The Darkening Age Page 9
The emperor Trajan replies personally and promptly. He clearly knows and is fond of his emissary: “my dear Pliny,” he calls him in one solicitous letter; “I wish you could have reached Bithynia without any illness yourself.” In another he praises Pliny’s energy and intelligence; another informs him, flatteringly, that Pliny has been “chosen as my representative” for a “special mission.”3 Trajan is remarkably closely involved in the minutiae of the province: when Pliny suggests getting a canal surveyed, Trajan replies that he will send out an engineer with experience in that line.4 Trajan is friendly, helpful and fair—though there are glimpses of steel. When Pliny wishes to turn a blind eye to some elderly criminals who have wriggled out of their sentences, Trajan is intransigent. “Let us not forget,” he writes, “that the chief reason for sending you to your province was the evident need for many reforms.”5 You can almost picture the middle-aged governor, eager celebrator of the imperial birthday, shifting uncomfortably in his seat as he reads that one.
These letters bear little trace of the figures who would later become such stalwarts of the martyr tales. In these stories, the Roman emperor is a villain who “feeds on innocent blood; hungering for the bodies of the godly”; he tears their flesh and “delights in torturing the faithful.”6 Satan himself, the “jealous and envious Evil One,” is behind these attacks, which the Romans carry out “at the instigation of evil demons.”7 But far from showing demonic frothing, Trajan’s letters show a man who is punctilious and practical, while Pliny gives the impression of a bookish, slightly fussy fellow whose greatest flaw seems to be his vanity. He is the sort of man who is more likely to pontificate on the correct wine to serve at dinner than to thunder about the importance of religion.
Then suddenly, among all the tales of provincial waterways and corrupt eastern officials, an unusual letter appears. It is now known by the unassuming name “Letter 10.96.” It was almost certainly edited at some point later, yet the whole dispatch still has the feel of being somewhat carelessly drafted: it is full of omissions, assumptions and non sequiturs. There is no obvious reason why Pliny should have spent much more time over it than any of his other letters. To him, this was not of any great significance; it was merely the record of an inconsequential encounter with some of his subjects in his province, a footnote in a busy and ultimately successful imperial career.

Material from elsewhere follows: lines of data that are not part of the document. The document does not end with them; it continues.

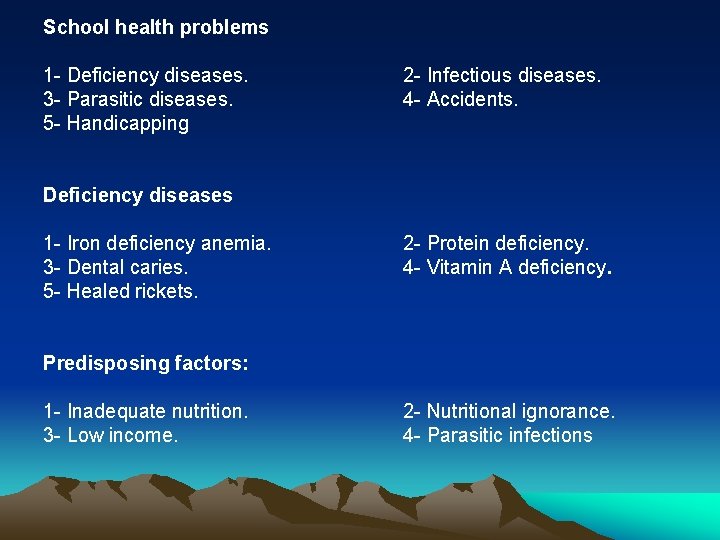 School health problems 1 - Deficiency diseases. 3 - Parasitic diseases. 5 - Handicapping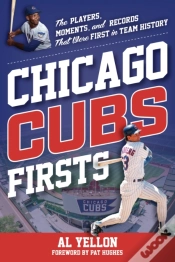 Capa do artigo Chicago Cubs Firsts
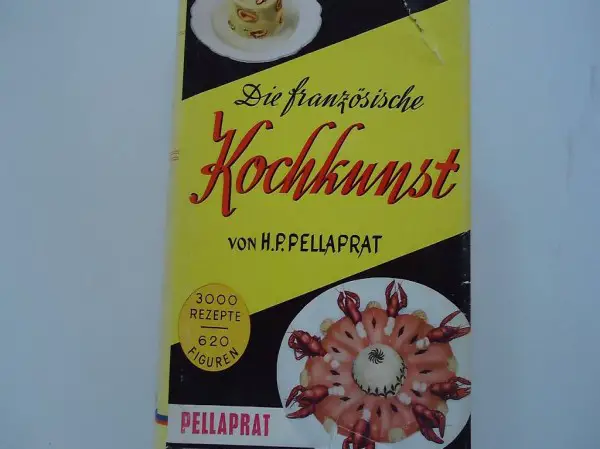Die französische Kochkunst von H.P.Pellaprat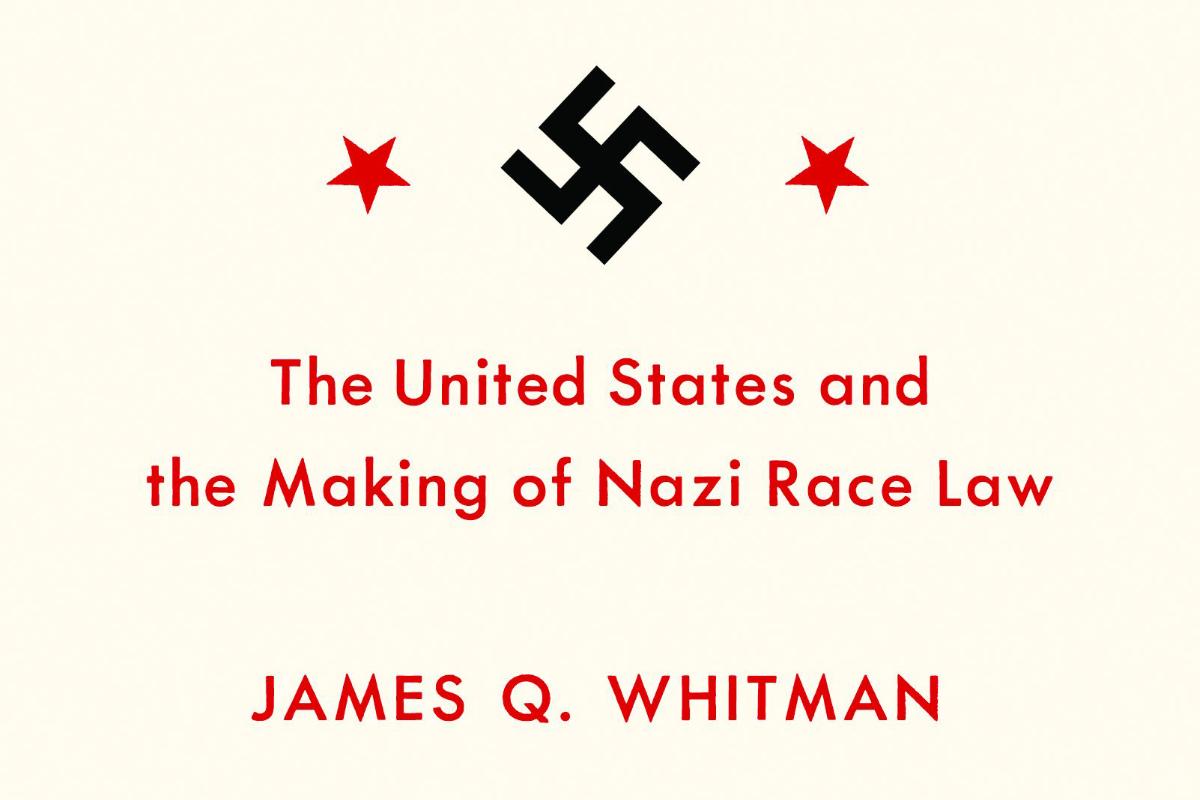 Hitler's American Model: The United States and the Making of Nazi Race Law (o modelo americano de Hitler: os Estados Unidos e a construção das leis raciais nazistas, sem tradução para o português) | Princeton/Divulgação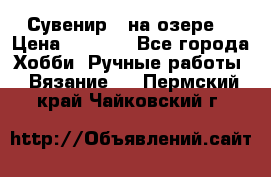 Сувенир “ на озере“ › Цена ­ 1 250 - Все города Хобби. Ручные работы » Вязание   . Пермский край,Чайковский г.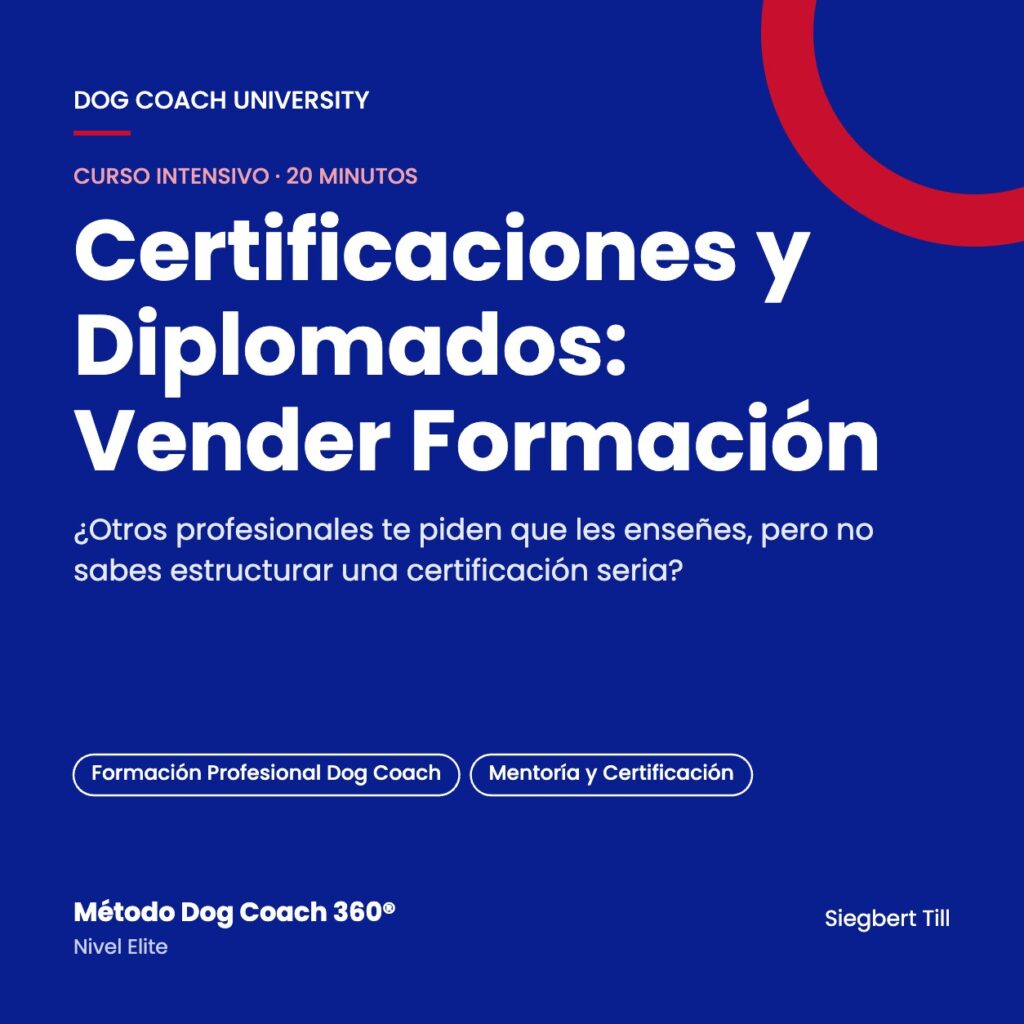 Portada del curso Certificaciones y Diplomados: Vender Formación — Dog Coach University, Método Dog Coach 360®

Trajan’s reply shows a similar lack of interest: he answers with his usual punctiliousness—but briefly. In their next letter, the two move on to the urgent need for new plumbing in a local city (“Among the chief features of Amastris, Sir . . . is a long street of great beauty. Throughout the length of this, however, there runs what is called a stream, but is in fact a filthy sewer, a disgusting eyesore which gives off a noxious stench”).8
Letter 10.96 was not, however, inconsequential for the generations of Christians that followed. For Letter 10.96 is nothing less than the very first record of the Christians by a Roman writer.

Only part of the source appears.